Maybe one can also add micro-balloons/glass bubbles. These are used as an additive to resins. They are microscopic glass balloons, very high volume to weight ratio and insulating. I'd also might add a bit of waterglass to the cement mix, maybe some sand too. Best results to have as little cavities between the granulate as possible ?
@@doubleMinnovations True. I've seen some guy in Australia tried a mix with only perlite and waterglass, which gave a somewhat brittle mixture, but held its form. In an open structure the binding between the granulate is minimal, so idealy one would fill the gaps with a finer granulate, or increase the bonding agent. Waterglass can be made at home cheap, but will complicate the process, or buy it from the shelf and pay way more. Cheers !
I have used refractory cement mixed with steel fibers consolidated with a vibrating table made from an old van tyre and a cheap bench grinder motor with an offset balance shaft .three years of use and the refractory panells are like new No spalling or degrading .
If refractory cement is anything like regular as far as curing is concerned, a slow cure would make it stronger, i.e. keep it damp (e.g. damp sacking over the top if it dries too fast) rather than allow air movement. That is how ferrocement construction is strengthened.
I took them out of the forms after the first day. I not sure I remember, but I think I left them cure for a day or more before testing... I would have to look at the directions on the bucket again.
Do you think this is equivalent to water glass material ?? I totally agree with you on costs.

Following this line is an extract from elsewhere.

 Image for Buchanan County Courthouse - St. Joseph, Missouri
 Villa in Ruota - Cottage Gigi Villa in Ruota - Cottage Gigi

Everything seems to cost double minimum cost from a year ago. Just crazy for sure.
Water glass can be expensive too, and difficult and hazardous to use. Water glass is about the same as that 'ridgidizer' I used on the on the riser tube for the rocket stove water heater. If it was used with perlite, I think it would take quite a bit to fill in the voids...
@@doubleMinnovations What you said is so true. I found a cheaper way for waterglass. Some cat litter uses this as its main ingredient. About twenty five bucks for thirty pounds or so. The negative part is that it has colored beads mixed in that change color to tell the cat owner what problems the cats are having with a color change of the litter. I picked them out before I used the material years ago. That is all I remember Double M. That was long ago.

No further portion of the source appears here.